The COMELEC found that petitioner failed to present competent evidence to prove that
he was able to reestablish his residence in Uyugan within a period of one year
immediately preceding the May 13, 2013 elections. It found that it was only after
reacquiring his Filipino citizenship by virtue of RA No. 9225 on September 13, 2012 that
petitioner can rightfully claim that he re-established his domicile in Uyugan, Batanes, if
such was accompanied by physical presence thereat, coupled with an actual intent to
reestablish his domicile there.

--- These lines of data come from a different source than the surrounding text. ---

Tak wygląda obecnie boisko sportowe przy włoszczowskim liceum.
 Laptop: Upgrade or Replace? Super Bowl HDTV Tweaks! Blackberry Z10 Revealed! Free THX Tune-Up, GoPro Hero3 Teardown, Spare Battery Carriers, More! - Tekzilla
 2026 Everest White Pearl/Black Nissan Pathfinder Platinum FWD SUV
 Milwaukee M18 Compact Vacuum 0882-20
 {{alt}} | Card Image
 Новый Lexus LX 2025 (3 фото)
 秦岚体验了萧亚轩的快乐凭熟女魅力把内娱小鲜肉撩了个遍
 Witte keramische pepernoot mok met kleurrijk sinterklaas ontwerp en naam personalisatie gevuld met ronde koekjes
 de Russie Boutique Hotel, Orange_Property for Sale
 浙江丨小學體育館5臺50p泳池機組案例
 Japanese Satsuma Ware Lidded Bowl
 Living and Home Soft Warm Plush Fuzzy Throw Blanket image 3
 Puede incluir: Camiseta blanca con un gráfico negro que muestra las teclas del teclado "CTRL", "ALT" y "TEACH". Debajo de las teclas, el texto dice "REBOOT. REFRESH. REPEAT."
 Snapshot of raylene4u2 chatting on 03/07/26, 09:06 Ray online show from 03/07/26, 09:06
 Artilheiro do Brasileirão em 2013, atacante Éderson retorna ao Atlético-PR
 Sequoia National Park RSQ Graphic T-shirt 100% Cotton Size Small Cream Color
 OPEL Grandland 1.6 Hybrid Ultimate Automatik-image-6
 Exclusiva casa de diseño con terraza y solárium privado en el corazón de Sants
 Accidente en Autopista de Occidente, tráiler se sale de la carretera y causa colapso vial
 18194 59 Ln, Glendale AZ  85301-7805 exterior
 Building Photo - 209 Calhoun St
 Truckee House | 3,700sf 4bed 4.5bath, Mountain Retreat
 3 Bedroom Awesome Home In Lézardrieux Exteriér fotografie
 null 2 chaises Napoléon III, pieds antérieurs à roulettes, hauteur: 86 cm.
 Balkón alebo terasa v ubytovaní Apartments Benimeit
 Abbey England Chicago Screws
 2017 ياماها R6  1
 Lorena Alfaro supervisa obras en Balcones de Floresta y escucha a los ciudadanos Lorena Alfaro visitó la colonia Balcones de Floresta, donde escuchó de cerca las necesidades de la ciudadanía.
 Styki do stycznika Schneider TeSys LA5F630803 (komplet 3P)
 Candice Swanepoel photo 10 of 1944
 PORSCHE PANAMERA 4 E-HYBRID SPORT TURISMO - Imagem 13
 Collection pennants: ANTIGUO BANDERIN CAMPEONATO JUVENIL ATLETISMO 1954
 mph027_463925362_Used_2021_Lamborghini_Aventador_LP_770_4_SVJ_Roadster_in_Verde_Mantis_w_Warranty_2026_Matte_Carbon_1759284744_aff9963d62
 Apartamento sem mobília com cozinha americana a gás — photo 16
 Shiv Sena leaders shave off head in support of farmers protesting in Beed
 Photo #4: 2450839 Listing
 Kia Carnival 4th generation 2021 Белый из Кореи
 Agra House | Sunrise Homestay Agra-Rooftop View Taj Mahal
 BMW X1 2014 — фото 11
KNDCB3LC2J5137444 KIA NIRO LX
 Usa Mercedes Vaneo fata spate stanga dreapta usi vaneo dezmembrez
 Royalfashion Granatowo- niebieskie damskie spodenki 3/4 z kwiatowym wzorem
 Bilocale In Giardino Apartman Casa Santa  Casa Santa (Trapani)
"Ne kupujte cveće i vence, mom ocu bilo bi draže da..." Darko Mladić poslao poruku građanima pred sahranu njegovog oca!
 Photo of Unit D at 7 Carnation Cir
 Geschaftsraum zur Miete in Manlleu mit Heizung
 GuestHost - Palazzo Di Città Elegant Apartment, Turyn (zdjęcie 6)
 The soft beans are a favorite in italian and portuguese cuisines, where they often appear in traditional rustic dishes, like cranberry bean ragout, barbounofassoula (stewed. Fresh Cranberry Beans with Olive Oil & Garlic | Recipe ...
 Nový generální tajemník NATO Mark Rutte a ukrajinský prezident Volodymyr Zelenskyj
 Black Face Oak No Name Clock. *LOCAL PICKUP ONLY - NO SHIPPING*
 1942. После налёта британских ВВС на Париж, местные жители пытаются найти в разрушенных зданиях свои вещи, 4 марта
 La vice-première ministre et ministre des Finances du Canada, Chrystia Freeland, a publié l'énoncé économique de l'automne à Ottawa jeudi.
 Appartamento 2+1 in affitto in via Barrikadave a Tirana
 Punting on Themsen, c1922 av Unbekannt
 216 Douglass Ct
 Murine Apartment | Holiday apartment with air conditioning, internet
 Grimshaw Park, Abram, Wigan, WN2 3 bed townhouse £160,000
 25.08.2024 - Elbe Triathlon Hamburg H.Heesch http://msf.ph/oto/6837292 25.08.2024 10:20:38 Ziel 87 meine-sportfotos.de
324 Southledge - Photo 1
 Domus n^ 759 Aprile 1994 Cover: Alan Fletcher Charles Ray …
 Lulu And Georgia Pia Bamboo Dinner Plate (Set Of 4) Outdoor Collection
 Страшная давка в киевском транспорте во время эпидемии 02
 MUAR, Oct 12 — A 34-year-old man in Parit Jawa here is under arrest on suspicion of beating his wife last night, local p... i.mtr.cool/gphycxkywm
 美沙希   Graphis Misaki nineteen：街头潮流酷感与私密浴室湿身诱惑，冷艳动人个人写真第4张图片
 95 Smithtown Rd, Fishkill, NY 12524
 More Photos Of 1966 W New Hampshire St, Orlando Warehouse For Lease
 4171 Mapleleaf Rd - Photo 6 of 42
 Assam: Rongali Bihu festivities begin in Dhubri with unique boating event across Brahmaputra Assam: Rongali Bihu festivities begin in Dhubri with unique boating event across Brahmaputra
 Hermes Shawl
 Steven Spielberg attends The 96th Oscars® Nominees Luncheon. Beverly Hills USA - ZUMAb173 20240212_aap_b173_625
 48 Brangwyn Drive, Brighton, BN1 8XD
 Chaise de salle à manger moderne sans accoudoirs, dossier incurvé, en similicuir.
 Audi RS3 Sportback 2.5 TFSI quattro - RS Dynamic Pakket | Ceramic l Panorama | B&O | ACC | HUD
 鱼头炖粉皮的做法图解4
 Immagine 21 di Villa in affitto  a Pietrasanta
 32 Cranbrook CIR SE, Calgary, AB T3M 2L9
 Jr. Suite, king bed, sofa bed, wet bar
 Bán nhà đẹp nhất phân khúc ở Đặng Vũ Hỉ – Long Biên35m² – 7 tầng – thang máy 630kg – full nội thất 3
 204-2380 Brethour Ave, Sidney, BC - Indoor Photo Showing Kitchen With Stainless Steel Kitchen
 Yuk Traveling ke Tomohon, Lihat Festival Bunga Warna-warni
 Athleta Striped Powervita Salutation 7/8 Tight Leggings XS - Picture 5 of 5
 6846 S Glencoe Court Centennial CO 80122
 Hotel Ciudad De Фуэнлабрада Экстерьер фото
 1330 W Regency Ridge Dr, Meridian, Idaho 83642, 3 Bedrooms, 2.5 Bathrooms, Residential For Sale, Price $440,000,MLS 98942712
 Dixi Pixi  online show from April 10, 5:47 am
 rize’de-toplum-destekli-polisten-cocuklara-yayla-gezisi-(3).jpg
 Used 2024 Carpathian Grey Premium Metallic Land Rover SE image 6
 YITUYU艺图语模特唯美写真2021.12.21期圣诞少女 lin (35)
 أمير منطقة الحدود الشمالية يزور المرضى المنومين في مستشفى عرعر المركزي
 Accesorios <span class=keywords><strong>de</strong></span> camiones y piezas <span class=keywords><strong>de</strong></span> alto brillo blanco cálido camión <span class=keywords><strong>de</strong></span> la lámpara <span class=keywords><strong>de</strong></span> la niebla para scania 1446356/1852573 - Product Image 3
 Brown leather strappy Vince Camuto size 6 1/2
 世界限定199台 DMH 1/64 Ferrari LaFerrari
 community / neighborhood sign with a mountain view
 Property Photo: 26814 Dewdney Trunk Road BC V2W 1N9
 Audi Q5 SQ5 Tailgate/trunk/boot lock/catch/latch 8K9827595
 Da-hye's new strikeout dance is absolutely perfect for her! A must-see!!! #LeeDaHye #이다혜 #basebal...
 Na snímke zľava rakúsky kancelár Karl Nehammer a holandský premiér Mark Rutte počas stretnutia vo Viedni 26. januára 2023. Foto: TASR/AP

However, the period from September 13, 2012 to May 12,
2013 was even less than the one year residency required by law.

Records indeed showed that petitioner failed to prove that he had been a resident of
Uyugan, Batanes for at least one year immediately preceding the day of elections as
required under Section 39 of the Local Government Code.
Petitioner had made a material misrepresentation by stating in his COC that he is a
resident of Uyugan, Batanes for at least one (1) year immediately proceeding the day of
the election, thus, a ground for a petition under Section 78 of the Omnibus Election
Code. Section 74, in relation to Section 78, of the OEC governs the cancellation of, and
grant or denial of due course to COCs.